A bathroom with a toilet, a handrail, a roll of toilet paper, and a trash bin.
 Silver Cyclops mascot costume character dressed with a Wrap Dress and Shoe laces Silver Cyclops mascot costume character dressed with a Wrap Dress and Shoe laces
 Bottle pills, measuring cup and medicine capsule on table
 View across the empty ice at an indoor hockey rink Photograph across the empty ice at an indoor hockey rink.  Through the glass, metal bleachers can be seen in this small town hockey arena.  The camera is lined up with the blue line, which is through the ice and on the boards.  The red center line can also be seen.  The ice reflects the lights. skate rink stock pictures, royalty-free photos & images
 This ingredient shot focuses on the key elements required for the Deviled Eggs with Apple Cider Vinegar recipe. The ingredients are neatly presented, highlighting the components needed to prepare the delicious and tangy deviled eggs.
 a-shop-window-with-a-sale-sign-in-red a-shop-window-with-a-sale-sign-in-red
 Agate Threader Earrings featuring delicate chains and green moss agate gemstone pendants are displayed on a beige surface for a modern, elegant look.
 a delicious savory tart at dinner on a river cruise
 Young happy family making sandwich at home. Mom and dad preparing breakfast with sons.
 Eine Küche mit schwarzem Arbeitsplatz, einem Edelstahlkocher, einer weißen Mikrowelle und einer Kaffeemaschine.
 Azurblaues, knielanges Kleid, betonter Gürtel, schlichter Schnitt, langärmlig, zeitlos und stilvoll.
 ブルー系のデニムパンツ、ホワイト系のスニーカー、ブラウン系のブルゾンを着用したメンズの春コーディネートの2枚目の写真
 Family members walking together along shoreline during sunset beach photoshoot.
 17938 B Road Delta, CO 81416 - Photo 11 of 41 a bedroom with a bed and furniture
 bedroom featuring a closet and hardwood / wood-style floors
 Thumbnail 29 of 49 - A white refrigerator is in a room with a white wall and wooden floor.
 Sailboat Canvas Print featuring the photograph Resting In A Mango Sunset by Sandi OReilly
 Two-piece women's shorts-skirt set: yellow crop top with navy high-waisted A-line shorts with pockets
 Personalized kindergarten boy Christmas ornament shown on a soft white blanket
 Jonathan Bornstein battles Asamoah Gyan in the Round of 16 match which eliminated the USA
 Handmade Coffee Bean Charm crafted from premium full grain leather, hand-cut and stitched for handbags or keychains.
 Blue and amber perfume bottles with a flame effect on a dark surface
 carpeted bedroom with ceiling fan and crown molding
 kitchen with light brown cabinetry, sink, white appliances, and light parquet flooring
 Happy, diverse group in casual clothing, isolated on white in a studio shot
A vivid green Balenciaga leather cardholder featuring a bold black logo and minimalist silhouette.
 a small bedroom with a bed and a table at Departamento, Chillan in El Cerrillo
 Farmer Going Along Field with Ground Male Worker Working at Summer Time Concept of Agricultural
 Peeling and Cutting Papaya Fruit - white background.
______________________________
__What is expected__: Work through the listing above and report how many lines include the string "table", with no other text.

__Solution__: 2